E il Lazio? La giunta del Lazio ha tirato dritto come se il problema non la riguardasse. Se così fosse stato però, coerenza avrebbe voluto che la maggioranza ulivista non avesse accettato le risorse statali per il potenziamento del servizio Recup, stabilite sempre nella Finanziaria 2006. Mentre è bizzarro che il ministero della Salute dinanzi a questa inadempienza regionale non si sia ancora attivato a disporre, esso stesso, il piano per l’abbattimento delle liste d’attesa nel Lazio. Già perché nel cronoprogramma della Conferenza Stato-Regioni è previsto che «in caso di mancata adozione del piano regionale e di mancata fissazione da parte della Regione dei tempi massimi per le 100 prestazioni, sarebbe stato il ministero della Salute a dettate i limiti massimi per le modalità di accesso». In altre parole in caso di inerzia regionale, i cittadini sarebbero stati garantiti da tempi massimi fissati a livello nazionale. Macché, nel Lazio il diritto dei cittadini alla cura della salute in tempo reale passa in terz’ordine: le liste d’attesa traboccano e in qualche azienda sanitaria e ospedaliera della capitale ancora si chiudono le prenotazioni malgrado sia vietato per legge sospenderle. Dinanzi a questa dimenticanza o apparente negligenza ci si pone una domanda: che la giunta Marrazzo sia troppo impegnata a redigere nuove stesure del piano di rientro del deficit per preoccuparsi di ottemperare a una legge dello Stato?

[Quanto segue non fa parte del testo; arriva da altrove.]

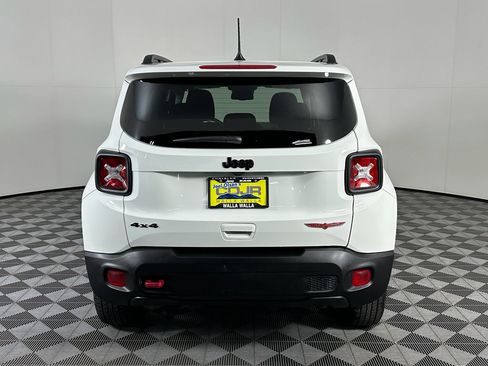 Used 2023 Jeep Renegade Trailhawk image 16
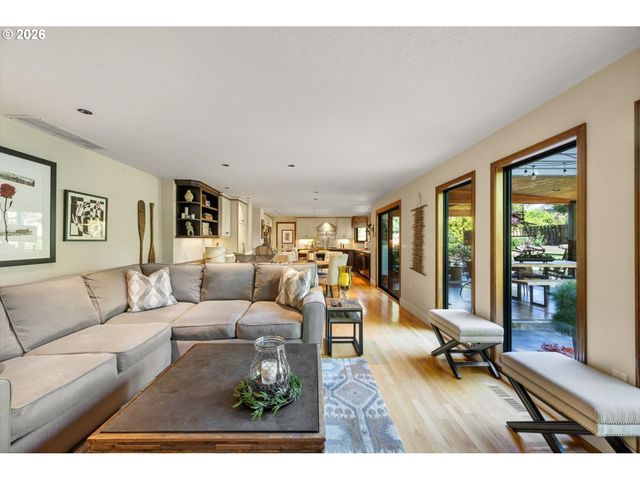 2910 Nw BAUER WOODS Dr, Portland, OR 97229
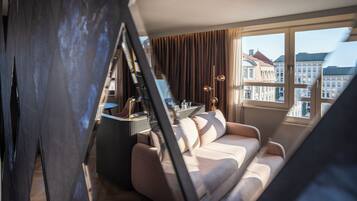 Hochwertige Bettwaren, Select-Comfort-Betten, Zimmersafe, Schreibtisch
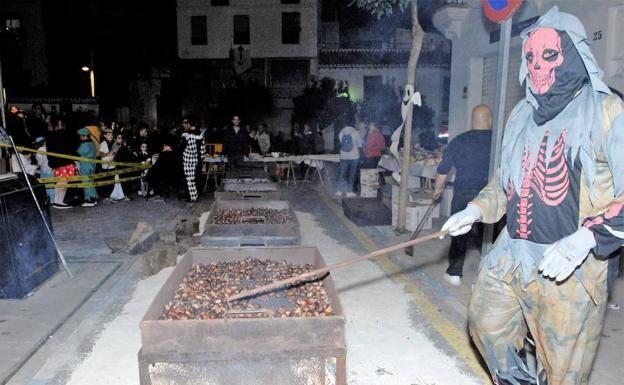 Días de terror y castañas en la provincia: la agenda de Halloween y Todos los Santos en los pueblos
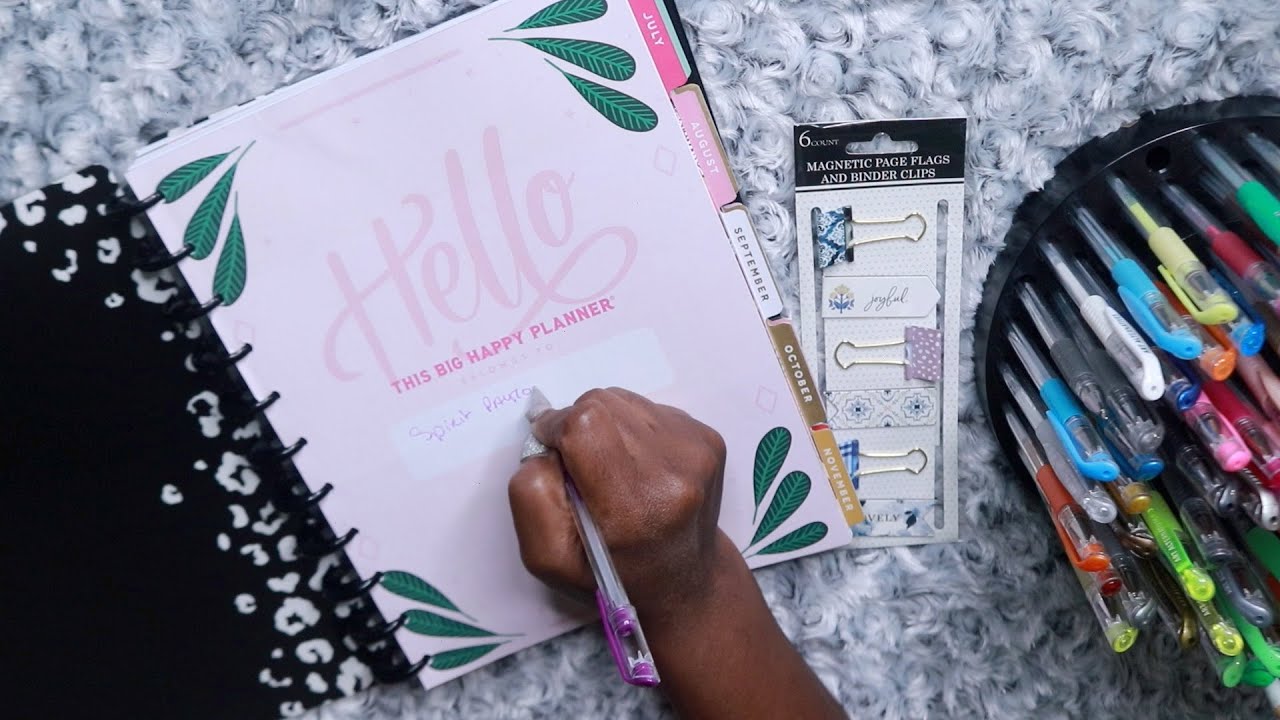Introducing My Planner For 2022 ASMR Page Turning | Plan Organizing Birthdays, Gel Pens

«Fino a oggi abbiamo assistito, da parte di Marrazzo, solo a una serie di dichiarazioni d’intenti, di fatti pochi. Nel caso del piano di contenimento dei tempi d’attesa non è stata presentata ancora una riga di progetto e - chiosa il vicepresidente della commissione Sanità, Cesare Cursi - abbiamo superato il 30 giugno. Mi sembra di assistere nuovamente alle promesse di un mese fa quando aveva annunciato che il risanamento del disavanzo non sarebbe passato attraverso aumenti delle addizionali. Invece, solo l’Irpef aumenterà di mezzo punto per incapacità gestionale». Ma se le tasse aumentano, l’offerta sanitaria diminuisce.

Dinanzi a questo assunto il senatore di An lancia una provocazione: «Vorrei sapere se Marrazzo chiederà a gran voce, a questo governo, come ha chiesto al governo Berlusconi più finanziamenti per sanità e politiche sociali».